◆ The data
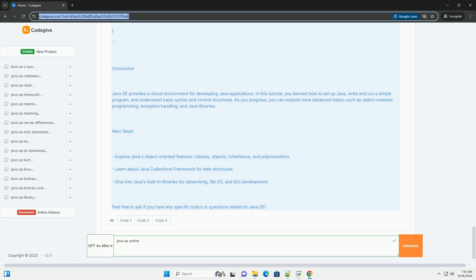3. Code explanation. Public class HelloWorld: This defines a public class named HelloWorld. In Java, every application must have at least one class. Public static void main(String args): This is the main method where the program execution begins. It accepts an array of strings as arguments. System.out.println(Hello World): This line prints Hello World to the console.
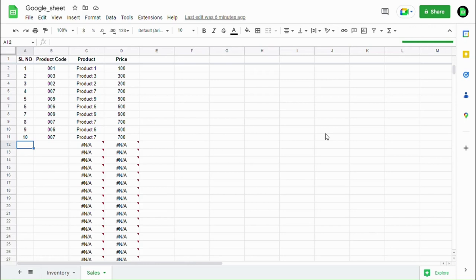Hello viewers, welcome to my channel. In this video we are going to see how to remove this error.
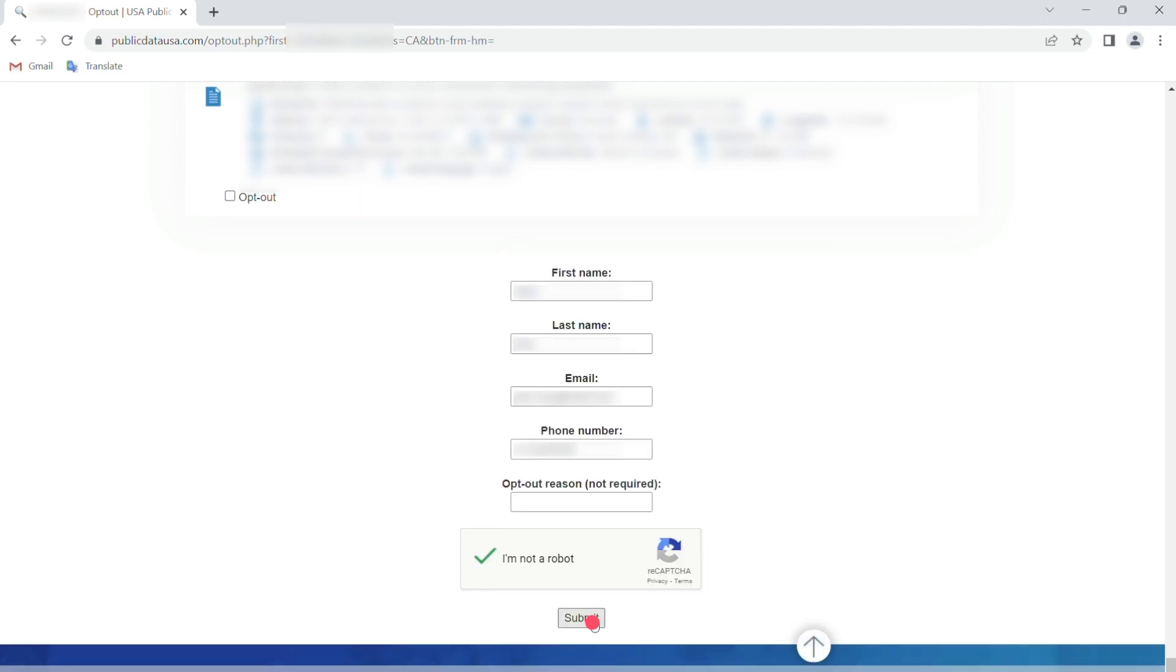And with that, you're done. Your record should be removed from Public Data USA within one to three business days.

◆ Your assignment
Setting the pictures aside, return exactly the lines from the line with "Hello viewers, welcome" through the last line of the listing above.

◆ Answer section
Hello viewers, welcome to my channel. In this video we are going to see how to remove this error.
And with that, you're done. Your record should be removed from Public Data USA within one to three business days.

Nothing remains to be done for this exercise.